**Collected data entries:**
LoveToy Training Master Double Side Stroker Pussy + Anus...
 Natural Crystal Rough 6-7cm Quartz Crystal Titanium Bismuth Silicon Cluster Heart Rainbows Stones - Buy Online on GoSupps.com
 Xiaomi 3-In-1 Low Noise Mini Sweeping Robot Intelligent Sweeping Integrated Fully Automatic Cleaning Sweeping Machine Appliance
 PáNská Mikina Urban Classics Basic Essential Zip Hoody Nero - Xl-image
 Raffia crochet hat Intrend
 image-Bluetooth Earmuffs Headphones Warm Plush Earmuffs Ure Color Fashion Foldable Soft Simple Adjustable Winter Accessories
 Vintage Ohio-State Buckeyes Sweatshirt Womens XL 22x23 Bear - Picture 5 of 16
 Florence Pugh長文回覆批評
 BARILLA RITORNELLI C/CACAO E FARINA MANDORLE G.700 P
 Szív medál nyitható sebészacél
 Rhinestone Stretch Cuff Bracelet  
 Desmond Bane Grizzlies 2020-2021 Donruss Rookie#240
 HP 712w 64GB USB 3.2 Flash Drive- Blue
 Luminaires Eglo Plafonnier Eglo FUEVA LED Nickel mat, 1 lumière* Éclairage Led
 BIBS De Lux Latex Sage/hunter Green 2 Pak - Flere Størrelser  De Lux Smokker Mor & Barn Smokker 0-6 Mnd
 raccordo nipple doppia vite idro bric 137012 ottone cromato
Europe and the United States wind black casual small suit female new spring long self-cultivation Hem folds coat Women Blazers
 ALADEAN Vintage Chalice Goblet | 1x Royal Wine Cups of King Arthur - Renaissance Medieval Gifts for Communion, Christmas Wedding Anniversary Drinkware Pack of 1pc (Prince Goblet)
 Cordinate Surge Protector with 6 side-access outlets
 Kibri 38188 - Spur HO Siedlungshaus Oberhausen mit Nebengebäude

**The problem:**
Every line above is to be transcribed exactly, with nothing missed.

**Solution:**
LoveToy Training Master Double Side Stroker Pussy + Anus...
 Natural Crystal Rough 6-7cm Quartz Crystal Titanium Bismuth Silicon Cluster Heart Rainbows Stones - Buy Online on GoSupps.com
 Xiaomi 3-In-1 Low Noise Mini Sweeping Robot Intelligent Sweeping Integrated Fully Automatic Cleaning Sweeping Machine Appliance
 PáNská Mikina Urban Classics Basic Essential Zip Hoody Nero - Xl-image
 Raffia crochet hat Intrend
 image-Bluetooth Earmuffs Headphones Warm Plush Earmuffs Ure Color Fashion Foldable Soft Simple Adjustable Winter Accessories
 Vintage Ohio-State Buckeyes Sweatshirt Womens XL 22x23 Bear - Picture 5 of 16
 Florence Pugh長文回覆批評
 BARILLA RITORNELLI C/CACAO E FARINA MANDORLE G.700 P
 Szív medál nyitható sebészacél
 Rhinestone Stretch Cuff Bracelet  
 Desmond Bane Grizzlies 2020-2021 Donruss Rookie#240
 HP 712w 64GB USB 3.2 Flash Drive- Blue
 Luminaires Eglo Plafonnier Eglo FUEVA LED Nickel mat, 1 lumière* Éclairage Led
 BIBS De Lux Latex Sage/hunter Green 2 Pak - Flere Størrelser  De Lux Smokker Mor & Barn Smokker 0-6 Mnd
 raccordo nipple doppia vite idro bric 137012 ottone cromato
Europe and the United States wind black casual small suit female new spring long self-cultivation Hem folds coat Women Blazers
 ALADEAN Vintage Chalice Goblet | 1x Royal Wine Cups of King Arthur - Renaissance Medieval Gifts for Communion, Christmas Wedding Anniversary Drinkware Pack of 1pc (Prince Goblet)
 Cordinate Surge Protector with 6 side-access outlets
 Kibri 38188 - Spur HO Siedlungshaus Oberhausen mit Nebengebäude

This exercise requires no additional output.